I have databricks runtime for a job set to latest 10.0 Beta (includes Apache Spark 3.2.0, Scala 2.12) .

In the notebook when I check for the spark version, I see version 3.1.0 instead of version 3.2.0

I need the Spark version 3.2 to process workloads as that version has the fix for https://github.com/apache/spark/pull/32788

Screenshot with the cluster configuration and the older spark version in notebook attached.

Hubert-Dudek · ‎10-20-2021

If you use pool please check what preloaded version is set also in pool.

If it is not that problem I can not help as I even don't see yet 10.0 (and after all it is Beta)

Anonymous · ‎10-20-2021

I got the same thing when I tested it out. I guess that's why it's Beta, should get fixed soon I imagine.

dbu_spark · ‎10-20-2021

I am not using the pool. Thanks for the update though. Hopefully this gets fixed soon.

Dan_Z · ‎10-20-2021

This is due to some legalese related to Open-Source Spark and Databricks' Spark. Since Open-Source Spark has not released v3.2 yet, we are not allowed to call the one on DBR 10 v3.2 yet. It may have that patch already in there though.

dbu_spark · ‎10-20-2021

Thanks for the update @Dan Zafar .

Just ran the job again and still seeing spark version 3.1.0. Should I be using spark32 (or something similar) when invoking spark session for me to pick up the correct spark version?
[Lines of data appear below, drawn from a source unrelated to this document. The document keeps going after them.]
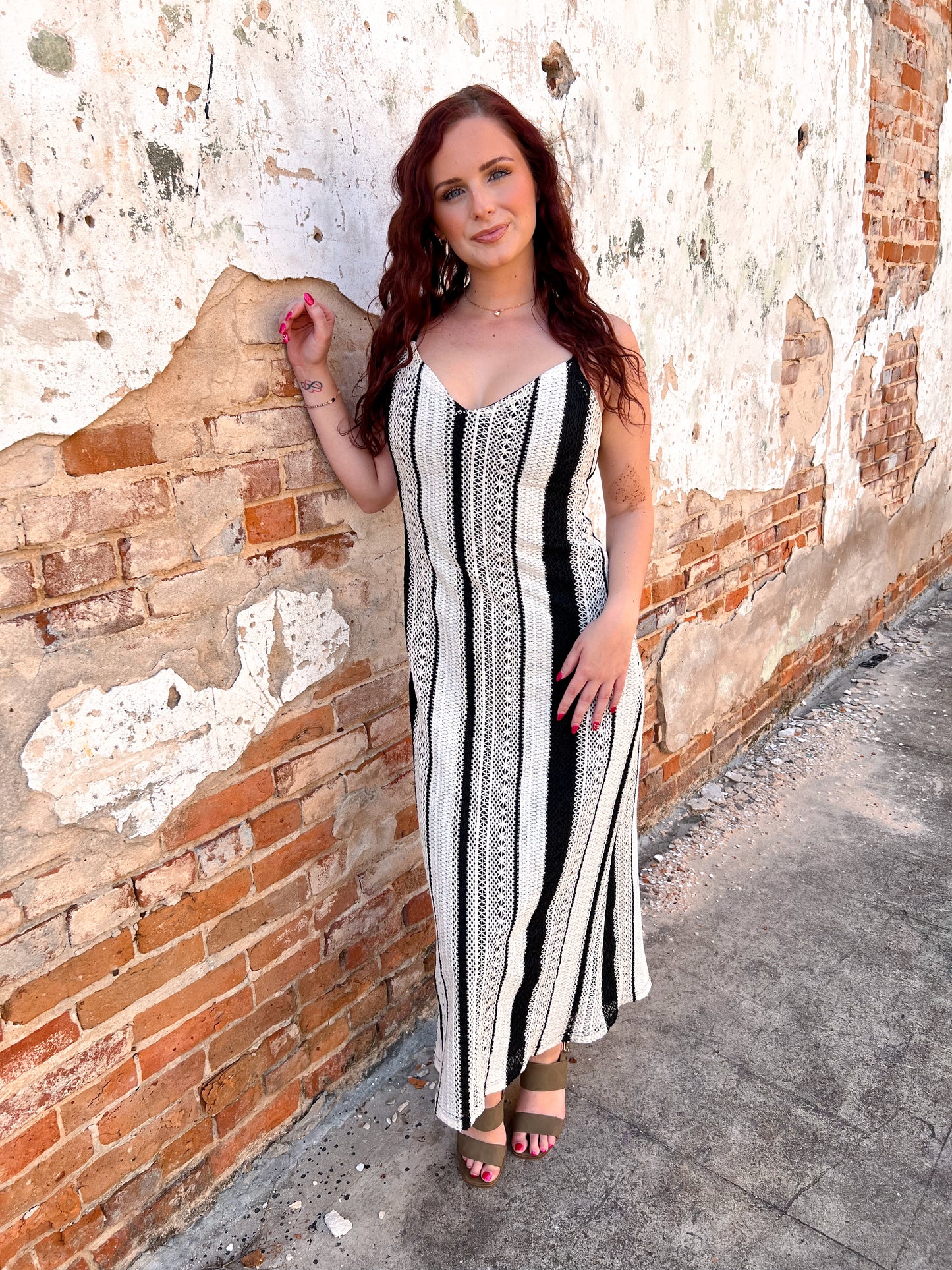 Carmen Stripe Crochet Cami Maxi Dress With Open Back-Dress-idem ditto-Bin B3,DJR,FD 05/27/25-The Twisted Chandelier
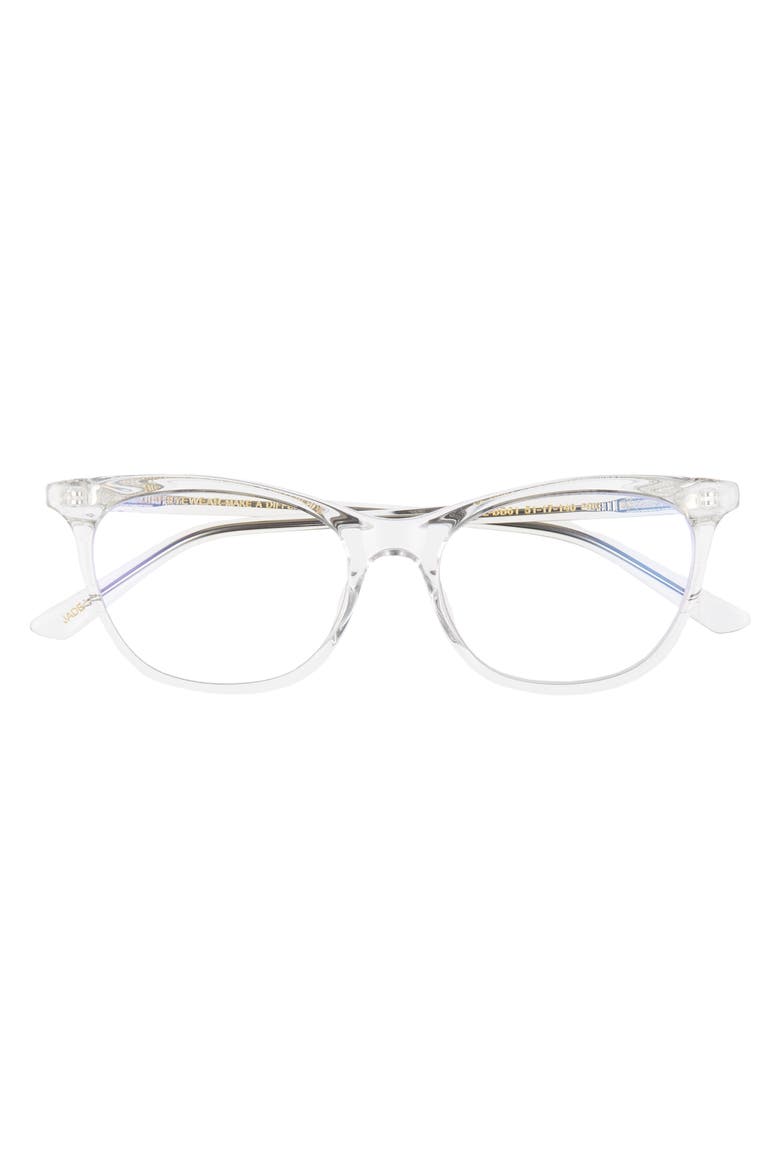 Jade 51mm Blue Light Blocking Cat Eye Glasses, Alternate, color, CLEAR CRYSTAL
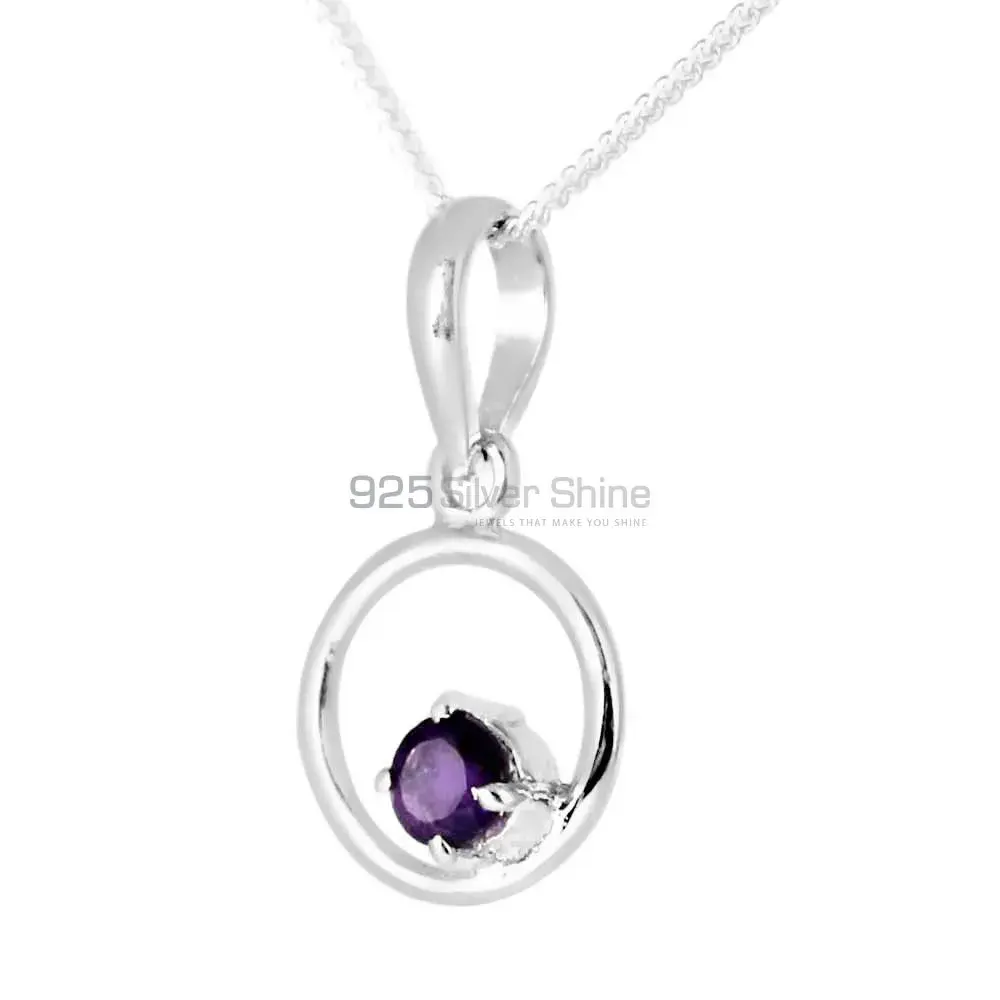 Top Quality 925 Solid Silver Pendants Exporters In Amethyst Gemstone Jewelry 925SP247-4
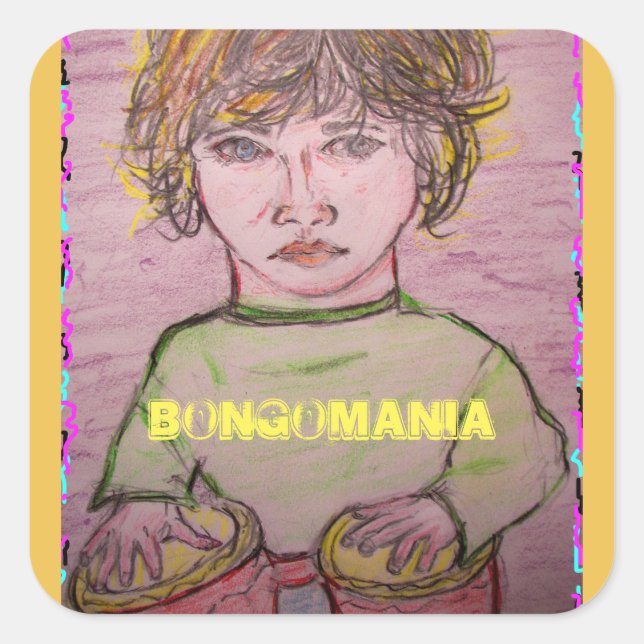 bongomania square sticker (Front)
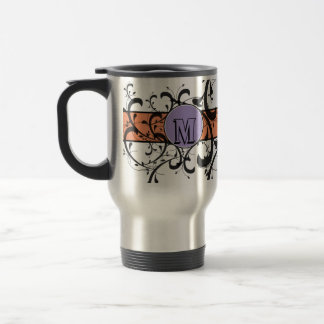 Taza De Viaje Florecimiento de la Fancy Personalizada Monogramad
Any ETA on the spark 3.2 version availability will be great.

Thanks

Dan_Z · ‎10-20-2021

It should have all the features you need. Check it out. Legally we can't call it Spark 3.2 yet.

dbu_spark · ‎10-20-2021

I do not think it is loading Spark 3.2. I am still seeing the issue with writeUTF which has been fixed in Spark 3.2 -> https://github.com/apache/spark/pull/32788

Caused by: java.io.UTFDataFormatException: encoded string too long: 97548 bytes
	at java.io.DataOutputStream.writeUTF(DataOutputStream.java:364)
	at java.io.DataOutputStream.writeUTF(DataOutputStream.java:323)
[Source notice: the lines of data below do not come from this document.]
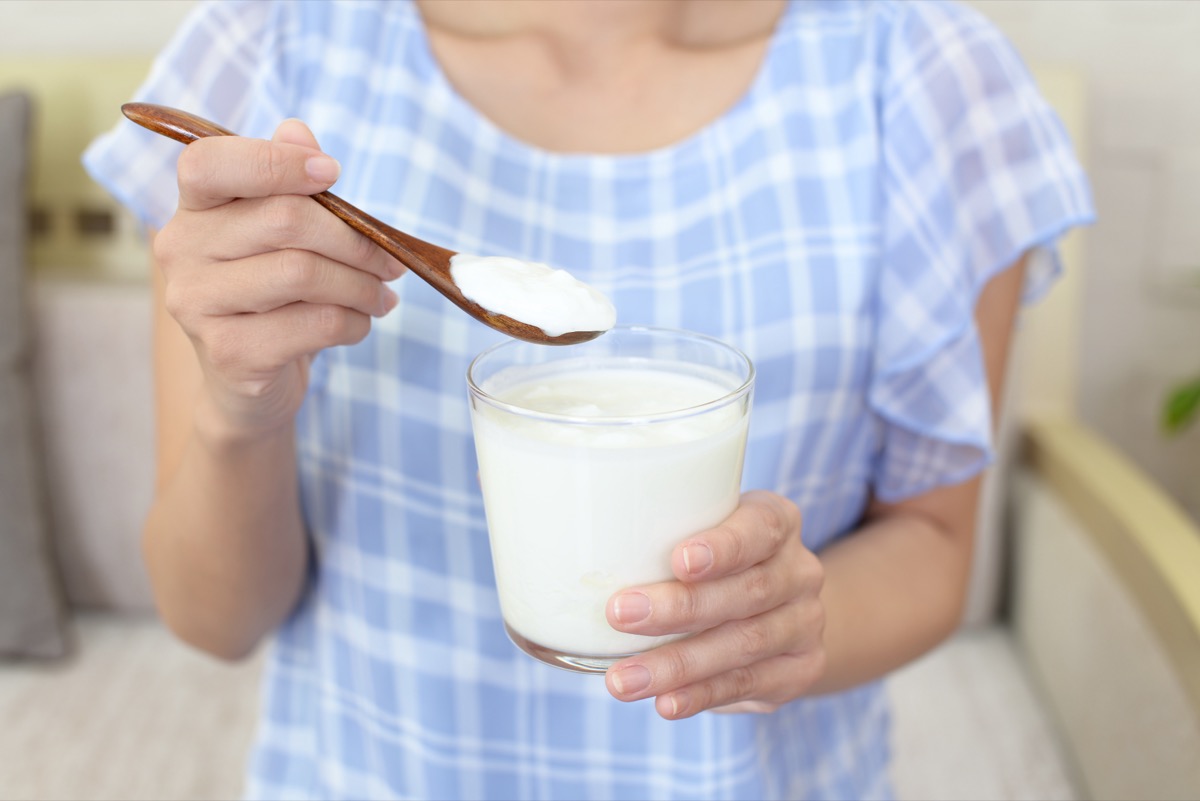 Woman who eats yogurt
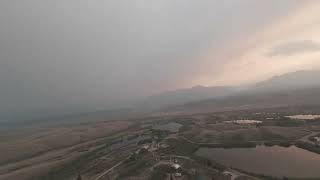 June 30 8:09p winds to the South East.  Sunset Leadville Fire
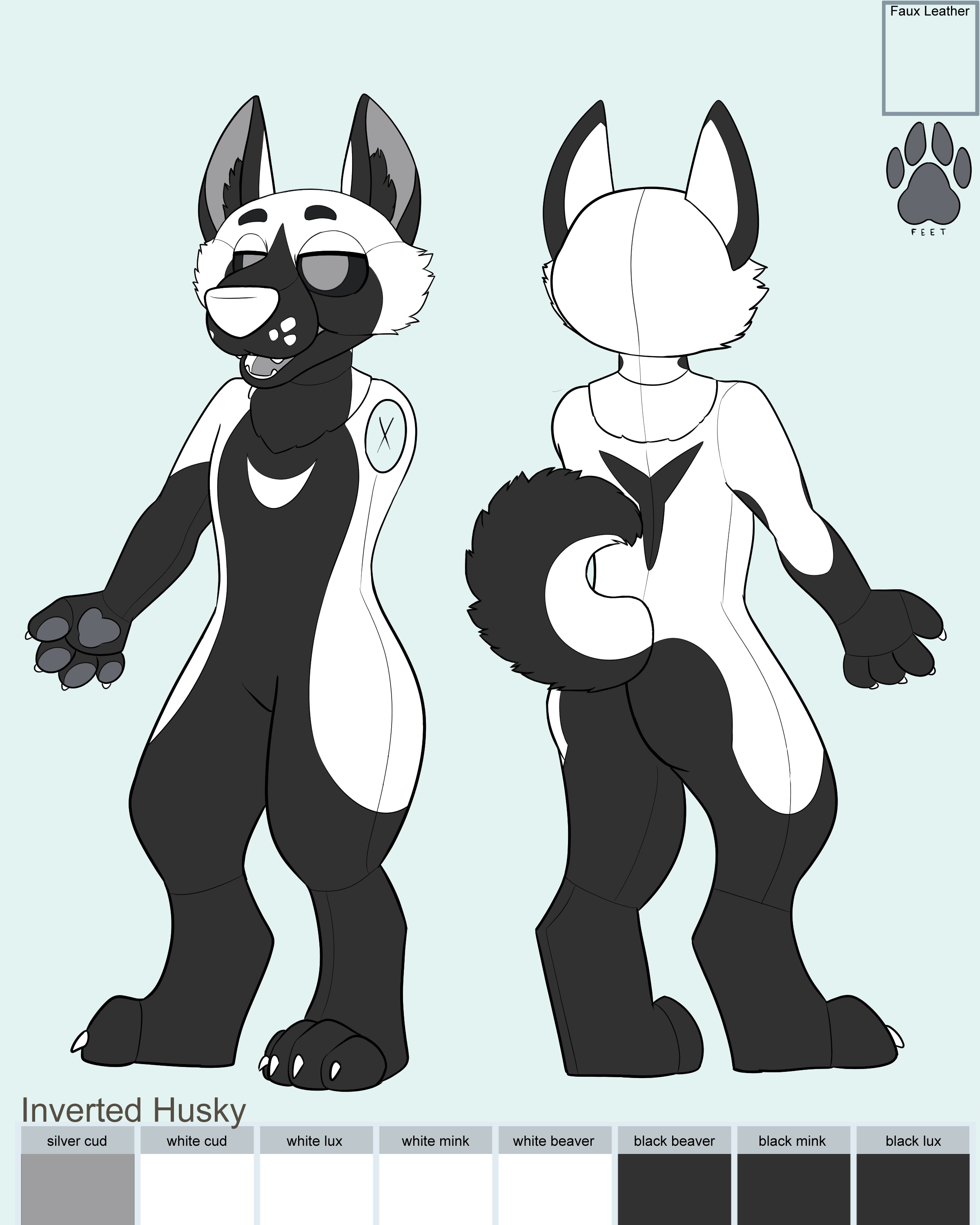 Inverted Husky Partial Fursuit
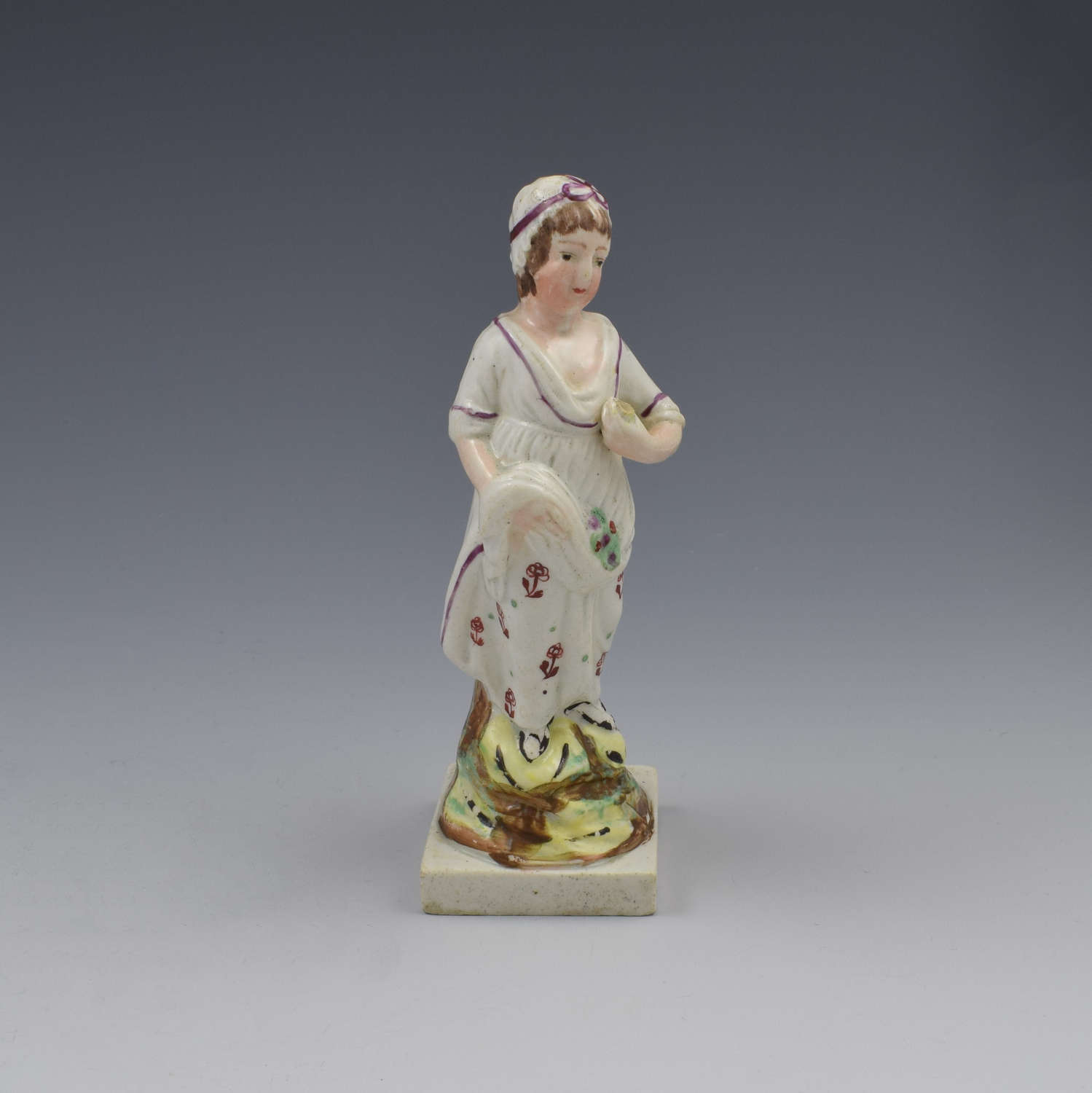 Staffordshire Pearlware Pottery Figure Girl Flower Seller c.1810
Anyways, I will wait for the databricks runtime to correctly reflect the correct version.

Dan_Z · ‎10-20-2021

Yes- this version probably has the Databricks internal features slated for Spark 3.2, but the features/patches contributed by the open-source community may still be coming. Sorry this isn't available yet. I'm sure it will be very soon. Happy coding!